Sam is my child most resistant to change.  Whatever it is, he’d rather it stay that way.  New house, new car, new school.  He’s not interested.  On a gut level, Sam’s pretty sure that the world isn’t entirely safe, and he’d rather stick to what he knows.  Being Sam’s mother has had a bigger impact on who I am as a person than almost anything else.  Because it wasn’t until I had him that I learned how to really stand up for what I knew was right.  To do what he needed, even when it wasn’t what everyone else thought was right.  Everything from nursing him well into toddlerhood, to standing against the rest of the world, when they perceive anxiety and fear as defiance that needed to be quelled or a child that simply needed more discipline.  Being Sam’s mom makes me a stronger, tougher person – because he needed me to be.

But there’s the other side of Sam, the more dominant side.  I never perceived him as particularly anxious until he started school, because when he’s in his comfort zone, he’s the most easy-going relaxed kind of kid.  Gets along with everyone, is ridiculously eager to please and content with his life.  He loves being outside, loves being inside.  He plays video games and loves to be read to.

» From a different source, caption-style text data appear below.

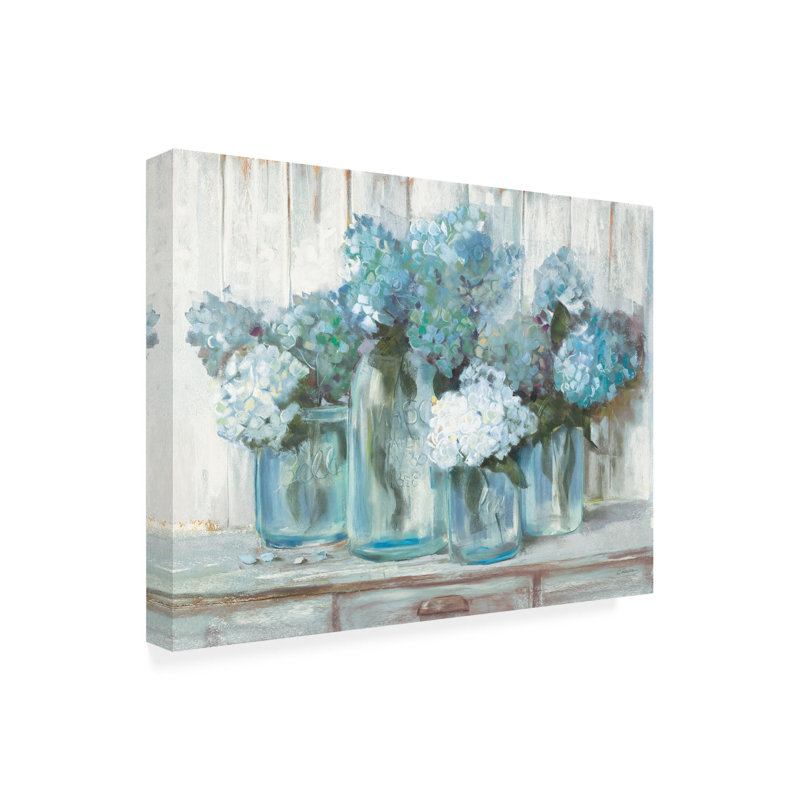 Décoration murale d'extérieur toutes saisons «Hortensias In Glass Jars» par Carol Rowan, L 32 po x H 24 po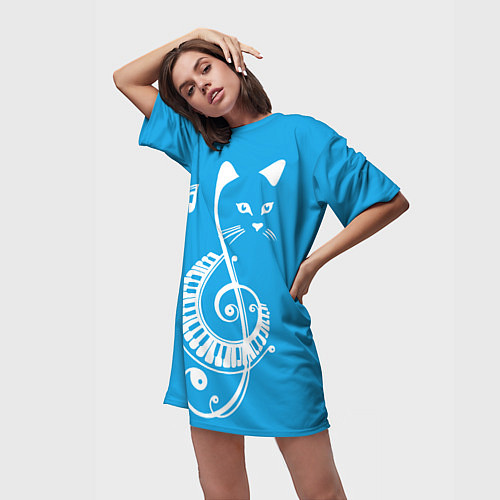 Женская длинная футболка Котик Меломан голубой / 3D-принт – фото 3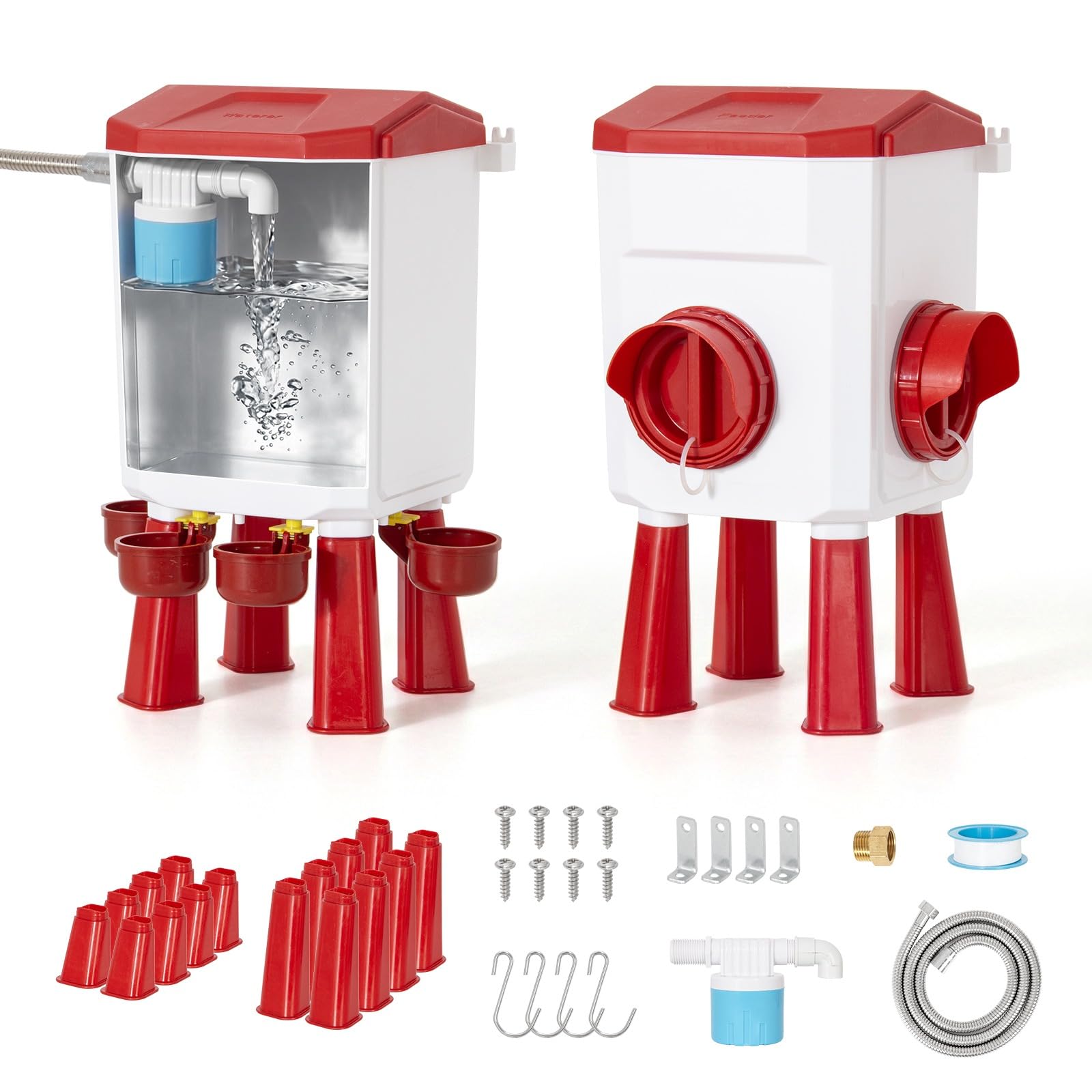Todeco Comedero y Bebedero Automático para Gallinas, 8 kg + 7 L | 2 puertos de alimento antilluvia, 4 bebederos, válvula de flotador, con 16 patas, para colgar o montar en pared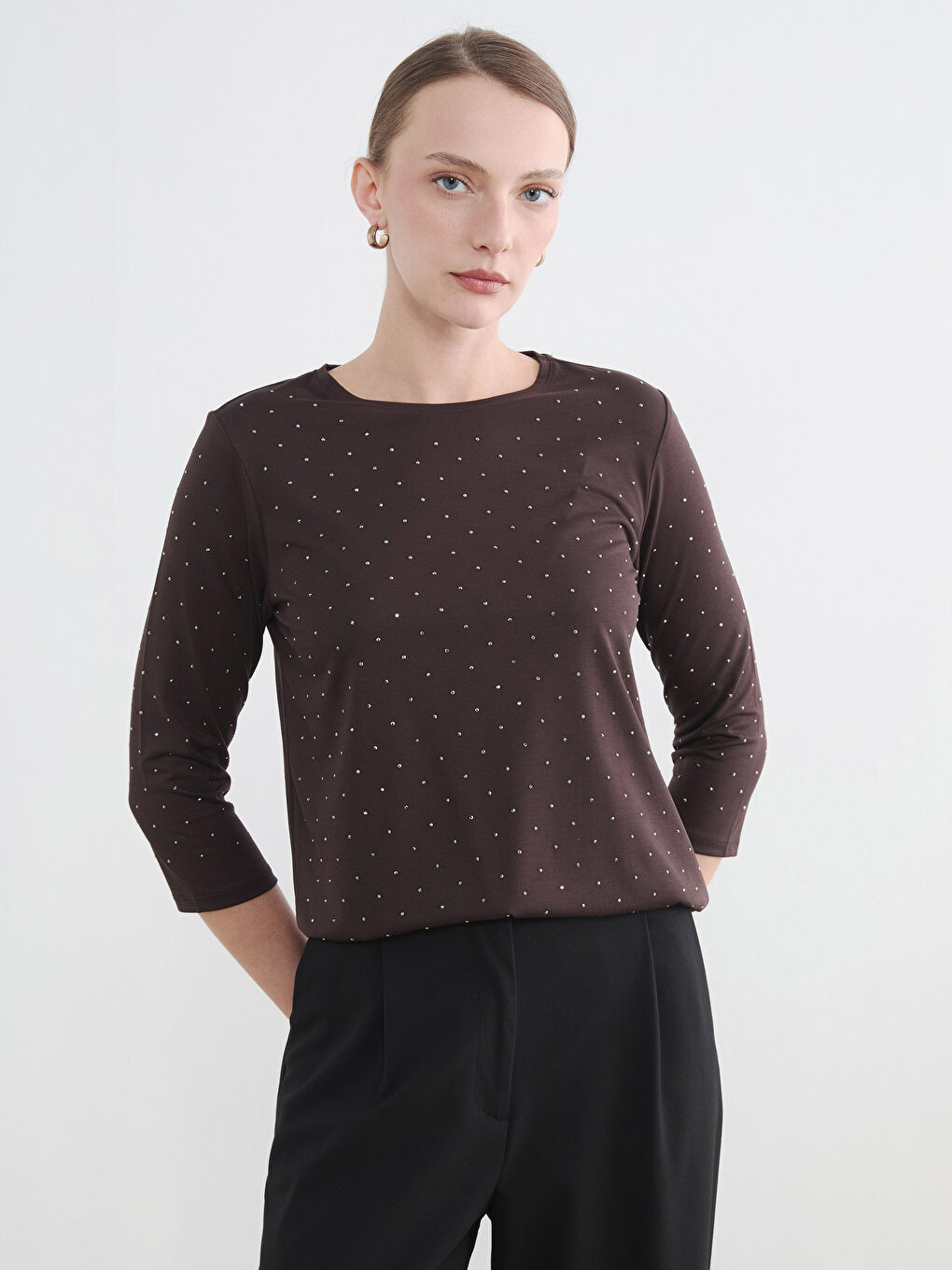 Kahverengi Bisiklet Yaka Taşlı Bluz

He’s an animal lover, and the tragedy of his life, thus far, is that we haven’t lived in a place where he can have a puppy.  But he loves nature and trees and birds.  He worships his dad, bugs the hell out of his older sister, and is Julianna’s hero.   He’s smart and capable, trustworthy and funny.

He’s passionately interested in all sorts of stereotypically “boy” things.  If it’s got a weapon of some sort, or involves a ball, he’d like to be doing it.  But he’s equally into cooking, drawing and loves, loves, loves all things dog-related.  As the only boy with four sisters, he’s as comfortable playing with the girls as he is with boys.  In fact, I picked him up at school the other day, and a little girl walked by, grinned at him, and growled “COHEN” at him.

At seven and three quarters, he’s not really a little kid anymore.  He’s got homework and after school activities, and relationships that are completely independent of me.   I see the man he’ll be, not all the time, but occasionally, you can see a glimmer.  He’s so much like his dad, all intensity and stability.  Sam is simply someone you can absolutely count on, and he’s always happiest when he’s in a position to help or assist.  He’s tender and sensitive, and the sweetest little kid I’ve ever known.  And while he’s growing up, so big and bold, he’s still and always will be my buddy and my Boy.